I rarely do acrylics , but when I do, Ive handled them as oils.For all my oils , I have chosen from among only three pattern frames which appear unified when two or more of my pics hang together, They are pattern ornate frames I learn these little lessons that frames wont MAKE a painting, but they can sure take away from them. Ive seen one person shows in which the artist had, apparently, left the framing go till the last minute. The result was an overall "trailerpark" look to an otherwise good collection of art.
Most artists I know, look at frames as a necessary evil, I look at them as a final way to jack up the quality of my work. Im not ashamed to admit that marketing begins with the belief that all work must be enhanced for display.

The master , to me, of great frame jobs is the (now dead) Rockport Artist, Emille Gruppe. He made his frames and washed them with a verdegris over a gold leaf. All his frames were of 2 or 3 types, and they give his little and large works a unifying context that sez these works were produced in New England during the 1940s.

Oh yeh, matz. To me the old rule of producing the mat with a claerance of 2 3/4 " at the top, and 3" at the bottom is religious dogma. I am convinced that the illusion of off center matting gives a painting a more balanced look.
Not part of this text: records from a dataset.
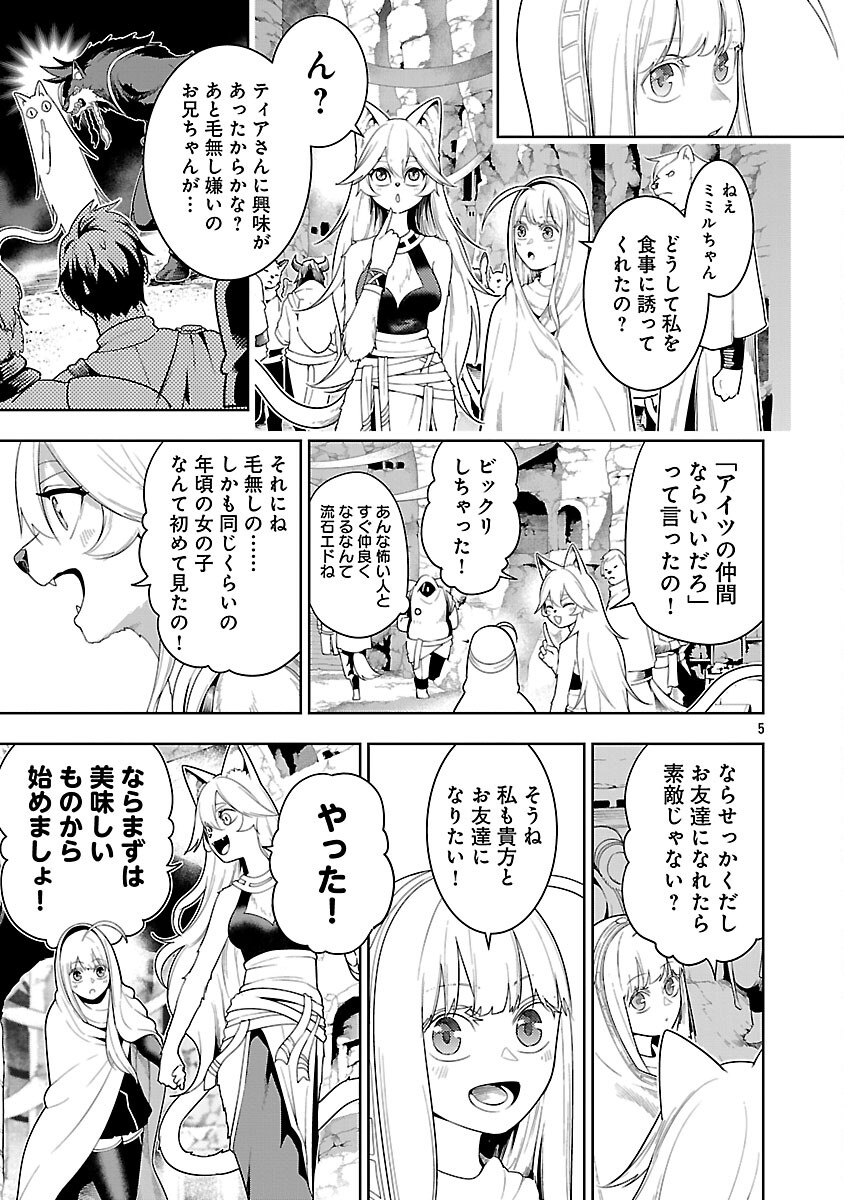 Tsuihousareru Tabi ni Skill wo Te ni Ireta Ore ga, 100 no Isekai de 2-shuume Musou Chapter 28 7ページ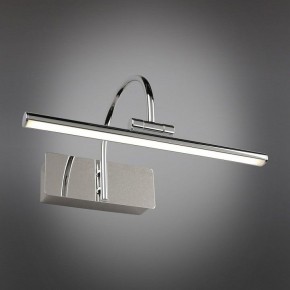 Подсветка для картины Omnilux Vasto OML-24001-05 в Озерске - ozersk.mebel24.online | фото 2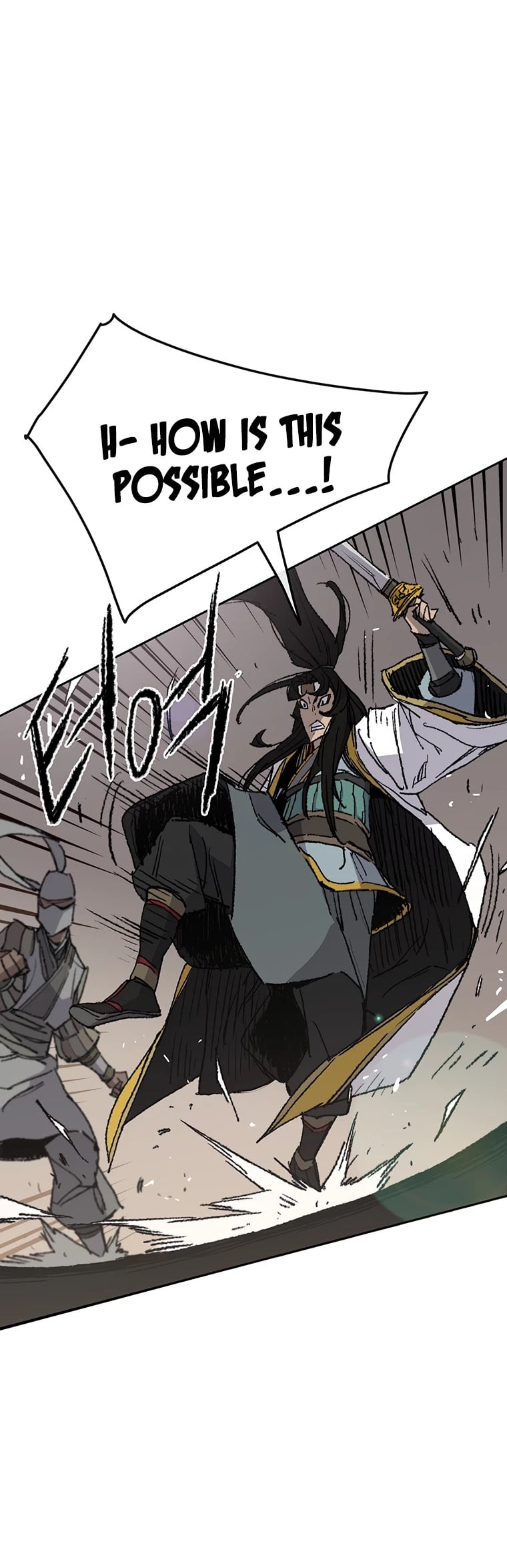 The Undefeatable Swordsman chapter 80 - page 23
I have rejected an entire batch of paintings (I was doing a 3 artist show in New Hope) and the framer was chosen by the gallery(I guess they had a sweetheart deal) Well, the matz were cut so that there was almost a tear in each corner. I hollered that this was unacceptable and I was summarily kicked out of the show (one of the other artists then dropped out in solidarity and we came back to the table and made nice so the show went on) However, I made the point that my matzand frames are integral to my work and not an "add on". I am very control freakie about all my work, although, when I have a good framer who has earned my confidence, I let her tell me what she thinks is the best look and she puts me in my place a lot.
This is an ultra important topic for all the artists osso, Im glad you brought it up.
my question,to all the artists who use matz: Do you choose mat colors that complement or "repeat the colors of your art? (I assume that when you use color matz , you always make double matz with an inner one showing some version of white. (I use my double mat as the spacers that osso mentioned)
0 Replies
 
boomerang
 
  1  
Reply Wed 11 Jun, 2003 06:00 pm
One of my favorite framing projects was in presenting some 30x40 photographs. I didn't want a regular frame but something a bit more industrial looking.

I bought some huge canvases and painted them the color of the wall but used a different brush stroke to make it stand out in a subtle way. I sandwiched the photo between the canvas and plexi - and voila! a cool, inexpensive frame.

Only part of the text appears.